In 1950, Mala Powers had starring roles in two notable films. She was the victim in Ida Lupino's film Outrage, which caused a minor sensation as the first film to deal frankly with rape, and she played Roxane to José Ferrer's Cyrano in Stanley Kramer's Cyrano de Bergerac. Though her film career failed to maintain such heights, she had a long career in radio, stage and television. She later became a noted university lecturer and teacher, founding the Michael Chekhov Drama Group in Los Angeles and becoming a leading authority on the Chekhov acting technique.

She was born Mary Ellen Powers in 1931 to journalist parents who moved in 1940 to Hollywood, where she started training as an actress at Max Reinhardt's Dramatic Workshop. She made her screen début as a child in Tough as They Come (1942), a low-budget "B" movie in Universal's "Little Tough Guys" series, but on the advice of Reinhardt's wife, the actress Helen Thimig, she continued to study acting rather than seek further child roles. At the age of 16, she started working in radio on such shows as Cisco Kid and Lux Radio Theater.

When Ida Lupino began her search for an unknown to play the lead in Outrage, she stated that that she required someone with "personality, large eyes and a sense of humour", and she interviewed over 200 actresses before selecting Powers. Howard Hughes, whose company RKO was to release the film, gave his approval and placed Mala Powers (as she had become) under contract.

Before Outrage was released, Stanley Kramer heard of Lupino's discovery, viewed a rough cut of the film, and chose Powers to play Roxane in Cyrano de Bergerac. Kramer wrote, "Mala Powers, a young, beautiful, and fairly capable actress, did a competent job, but Ferrer completely held sway over the piece." Ferrer won the Oscar for his performance, and Powers was nominated for a Golden Globe Award.

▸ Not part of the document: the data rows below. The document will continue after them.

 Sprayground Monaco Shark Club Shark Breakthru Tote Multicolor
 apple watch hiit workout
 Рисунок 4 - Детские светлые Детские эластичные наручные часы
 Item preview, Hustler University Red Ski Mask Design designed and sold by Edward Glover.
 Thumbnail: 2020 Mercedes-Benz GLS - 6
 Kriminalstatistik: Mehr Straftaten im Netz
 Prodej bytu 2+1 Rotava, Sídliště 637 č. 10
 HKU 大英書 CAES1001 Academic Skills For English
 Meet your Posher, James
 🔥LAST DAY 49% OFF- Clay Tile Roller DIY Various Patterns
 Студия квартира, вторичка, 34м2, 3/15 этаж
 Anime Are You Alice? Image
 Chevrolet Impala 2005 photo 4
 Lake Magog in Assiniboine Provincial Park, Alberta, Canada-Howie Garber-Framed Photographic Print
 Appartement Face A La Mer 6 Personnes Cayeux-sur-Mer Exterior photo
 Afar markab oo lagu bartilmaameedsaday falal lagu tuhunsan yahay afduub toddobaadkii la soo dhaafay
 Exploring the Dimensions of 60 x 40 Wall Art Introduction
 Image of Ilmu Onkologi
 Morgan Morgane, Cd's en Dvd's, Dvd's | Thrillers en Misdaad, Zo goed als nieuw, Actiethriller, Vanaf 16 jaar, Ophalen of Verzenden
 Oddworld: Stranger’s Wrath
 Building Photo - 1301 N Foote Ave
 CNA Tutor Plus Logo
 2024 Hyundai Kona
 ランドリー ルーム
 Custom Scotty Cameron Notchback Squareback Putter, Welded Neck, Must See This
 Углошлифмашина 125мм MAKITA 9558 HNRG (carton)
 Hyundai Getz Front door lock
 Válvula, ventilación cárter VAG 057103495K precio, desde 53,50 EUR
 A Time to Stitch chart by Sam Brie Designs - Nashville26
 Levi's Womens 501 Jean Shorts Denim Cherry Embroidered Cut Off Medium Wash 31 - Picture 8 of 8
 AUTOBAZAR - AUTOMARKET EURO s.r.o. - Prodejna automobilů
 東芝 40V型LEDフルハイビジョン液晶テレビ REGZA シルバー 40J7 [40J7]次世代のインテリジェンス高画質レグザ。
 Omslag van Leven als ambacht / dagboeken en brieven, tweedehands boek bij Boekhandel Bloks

After co-starring in the gloomy melodrama Edge of Doom (1950), Powers embarked on a USO tour to entertain the troops in Korea, where she contracted a blood disease. An allergy to the drug chloromycetin caused a loss of bone marrow from which it took her nine months to recover.

She returned to the screen with an effective performance as a sultry stripper in John H. Auer's intriguing thriller The City That Never Sleeps (1953), but in such films as City Beneath the Sea (1953), Rage at Dawn, Bengazi (both 1955) and Colossus of New York (1958), her parts were more decorative than dramatic.

Her prolific television work (over 100 shows) included roles in such series as Perry Mason, Maverick, Bonanza and Murder, She Wrote. A long-time advocate of Michael Chekhov's acting methods (an extension of Stanislavsky's), she wrote the preface for his 1991 book On the Technique of Acting and was executrix of his estate. In 2002 she was one of several stars, including Gregory Peck, Patricia Neal, Sharon Gless and Leslie Caron, who appeared in the documentary From Russia to Hollywood, describing the impact that the Russians Chekhov and George Chadanoff had made on screen stars of the Forties and Fifties.

In recent years, as well as lecturing on acting at universities, Powers wrote children's stories, and both wrote and narrated stories for the New York Telephone Company's Dial-A-Children's Story programme. Her last film was the action movie Hitters (2000).